で,この「目録化」は,「必要に応じて素早く引き出しを開けるための交通整理」(これを「知識の共有」と形容した方がいらっしゃったので,以後は「知識の共有」とする)という目的を持ち,図書館の機能と図書館員の職業倫理に則っている限り,まったく非難されるものではないし,その意味で「目録化」に忠実な図書館員は,高い職業意識の持ち主である,と肯定されてしかるべき存在である。しかし,「知識の共有」という目的を見失い「知識の提供」に特化した図書館および図書館員は,いつしかパターナリズムを身につけ,「目録化」を管理ではなく「支配」の道具として用いることになる。「隅々まで何でも知っていること」が目的化して,自らの支配の範囲が及ばないところが図書館の中にあることに対して,非常に攻撃的な態度,言動を取るようになるのである。「目録化」がモラル・ハラスメントの域に達することになる。
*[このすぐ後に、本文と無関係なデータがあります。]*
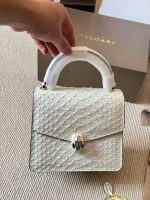Bvlgari Serpenti Forever bag WOC  size : 20x 18cm - Image 4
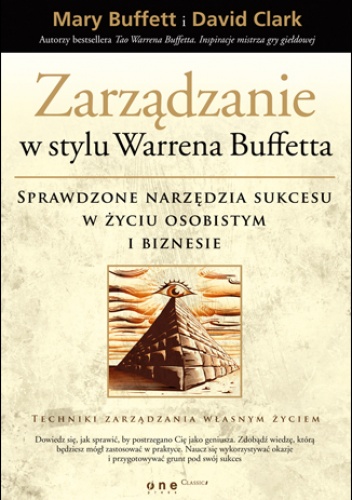 Okladka ksiazki zarzadzanie w stylu warrena buffetta sprawdzone narzedzia sukcesu w zyciu osobistym i biznesie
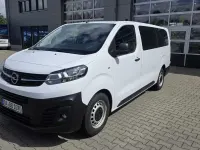 Gebraucht Opel Vivaro-e Combi 145 PS (106 kW) 2024 Weiß Van / Kleinbus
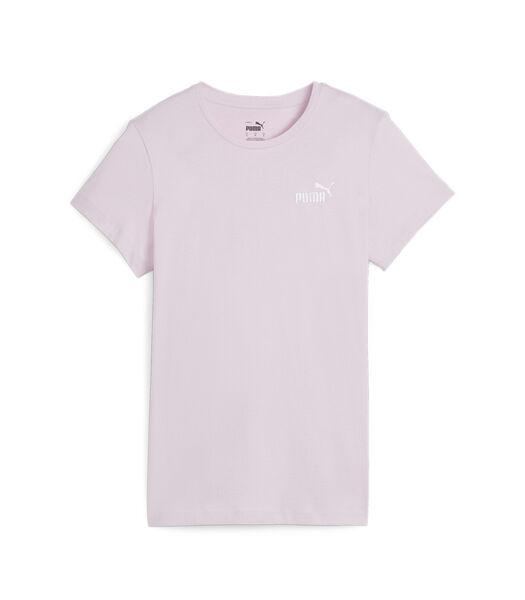 Geborduurd dames-T-shirt Essentials+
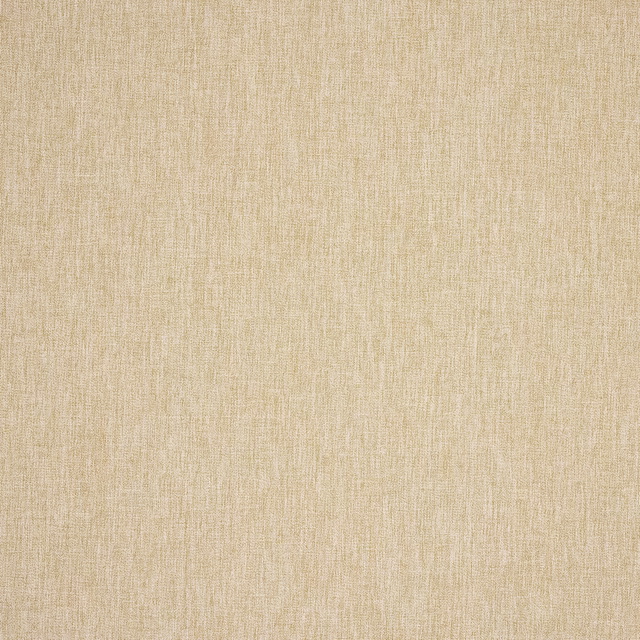Soft gold woven fabric with fine vertical grain and a subtly heathered texture
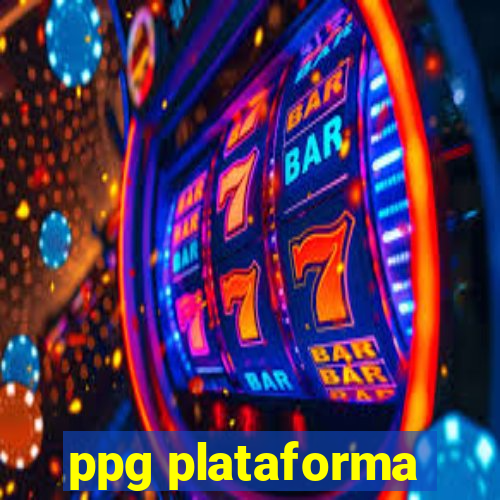 ppg plataforma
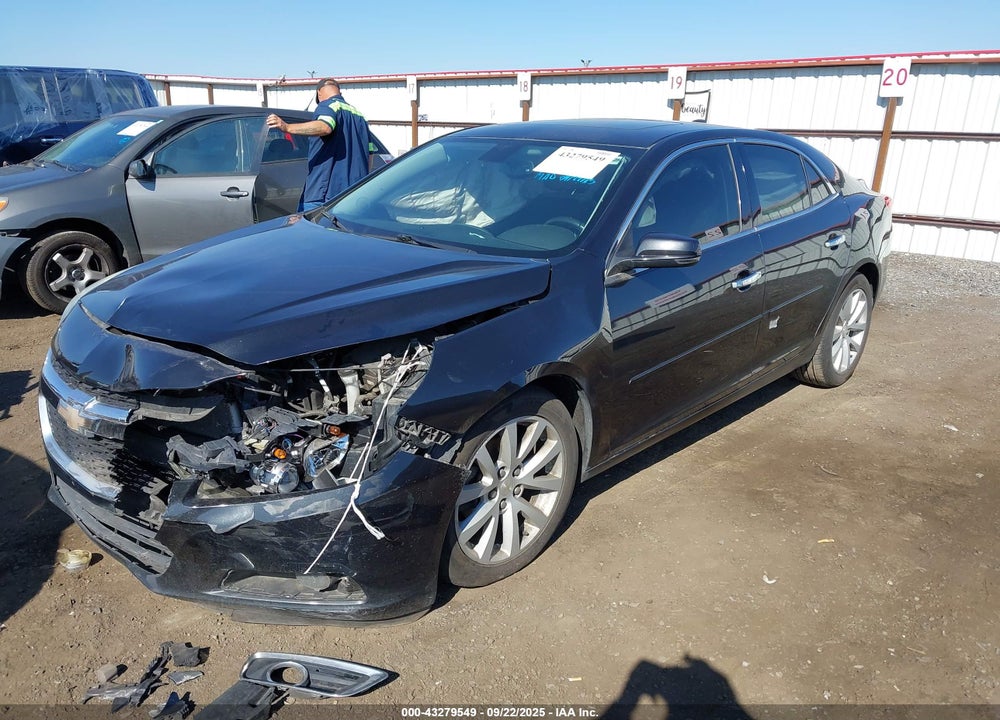 2015 CHEVROLET MALIBU VIN: 1G11D5SL5FF252242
もちろん,斯様な過剰な「目録化」を回避,もしくは方向転換して本来の目的である「知識の共有」に「目録化」を引き戻す試みはあちらこちらで行われている。過剰な「目録化」は次第に過去のものとなりつつあるようで,その後遺症から如何に図書館を現在求められている機能のために「目録化」を上手に活用していくか,また「目録化」が図書館における支配の道具に堕さないように,図書館がどのようにパターナリズムと袂を分かつか,旧来の業界人にはない発想と行動が求められていくはずである。
今日は少々抽象的な表現に終始しましたです(^^;)。